## Task to carry out
Up to and including the line that contains "Mint Green, variant", repeat the entries below exactly from the first line on. Do not carry over any pictures.

## Input
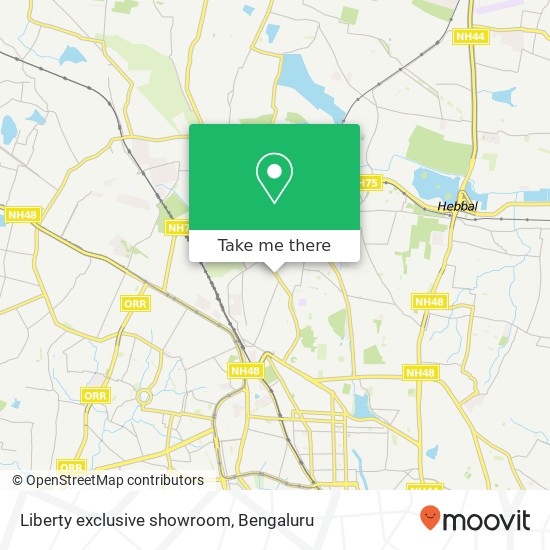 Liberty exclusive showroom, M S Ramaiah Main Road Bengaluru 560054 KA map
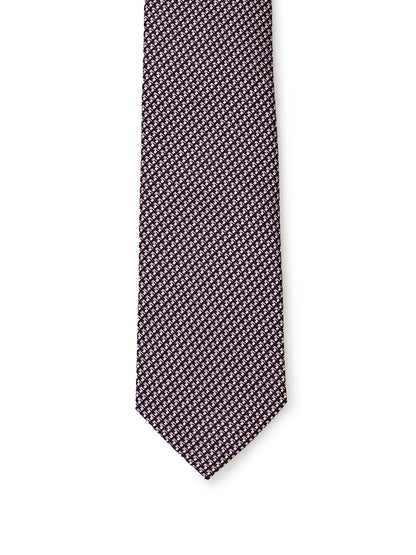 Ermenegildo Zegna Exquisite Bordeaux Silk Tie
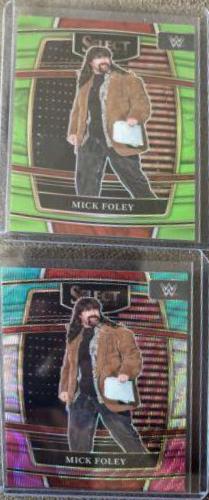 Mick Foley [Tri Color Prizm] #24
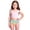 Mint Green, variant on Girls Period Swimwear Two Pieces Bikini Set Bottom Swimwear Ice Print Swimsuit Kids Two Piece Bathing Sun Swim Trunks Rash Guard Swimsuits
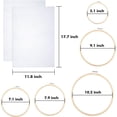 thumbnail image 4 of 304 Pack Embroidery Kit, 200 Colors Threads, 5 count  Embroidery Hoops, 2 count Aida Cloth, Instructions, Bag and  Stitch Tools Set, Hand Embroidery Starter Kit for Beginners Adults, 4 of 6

## Response area
 Liberty exclusive showroom, M S Ramaiah Main Road Bengaluru 560054 KA map
 Ermenegildo Zegna Exquisite Bordeaux Silk Tie
 Mick Foley [Tri Color Prizm] #24
 Mint Green, variant on Girls Period Swimwear Two Pieces Bikini Set Bottom Swimwear Ice Print Swimsuit Kids Two Piece Bathing Sun Swim Trunks Rash Guard Swimsuits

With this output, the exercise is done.